Giuseppe Pella
Un patriota di alto spessore morale che fu preposto alla guida dal Governo Italiano durante la crisi di Trieste (1953). Riflessioni a un settantennio dai fatti e spunti di permanente attualità

La vita politica italiana propone alla comune attenzione l’esempio di alcuni protagonisti oggettivamente rari che si sono distinti per avere coniugato in modo esemplare la nobiltà del sentimento con la forza dell’azione, nell’ambito di una sintesi spesso difficile ma proprio per questo degna di attenzione, se non altro come permanente paradigma di riferimento.
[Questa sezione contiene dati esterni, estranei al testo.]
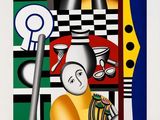 une image représentant un tableau où l'on voit un homme tenant un couteau et une fourchette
Uno di questi protagonisti della grande storia nazionale è stato Giuseppe Pella[1], lo statista piemontese che fu attore di primo piano sullo scenario politico del Bel Paese nel trentennio compreso fra il 1945 e la metà degli anni Settanta, affidando alle valutazioni dei posteri un’esperienza certamente originale, anche dal punto di vista dei «valori non negoziabili» che seppe interpretare con fermezza, alla luce di ideali degni del migliore Risorgimento.

Fedele interprete del rigore con cui il «vecchio Piemonte» aveva gestito lo Stato appena sorto dalle Guerre d’Indipendenza e dal sangue dei patrioti, Pella ha trovato comune rispetto per la continuità di questo impegno nella conduzione della cosa pubblica durante i lunghi anni che intercorrono tra la fine della Seconda Guerra Mondiale e l’inizio di una nuova stagione contrassegnata dalla difficile ricerca di nuovi equilibri, resa più ardua dalle ricorrenti gesta di un terrorismo tanto sconcertante quanto velleitario. Eppure, il nome di Pella resta legato soprattutto al semestre di gestione del suo Governo, rimasto in carica dal luglio 1953 al gennaio 1954: un Governo che, voluto dal Presidente della Repubblica Luigi Einaudi dopo i fallimenti altrui, avrebbe dovuto essere di transizione, tanto più che si trattava di un monocolore democristiano sorto sulle ceneri della cosiddetta «legge truffa» che aveva caratterizzato il dibattito elettorale per le consultazioni politiche del 7 giugno, e la sconfitta del programma maggioritario perseguito da Alcide De Gasperi e dai suoi alleati.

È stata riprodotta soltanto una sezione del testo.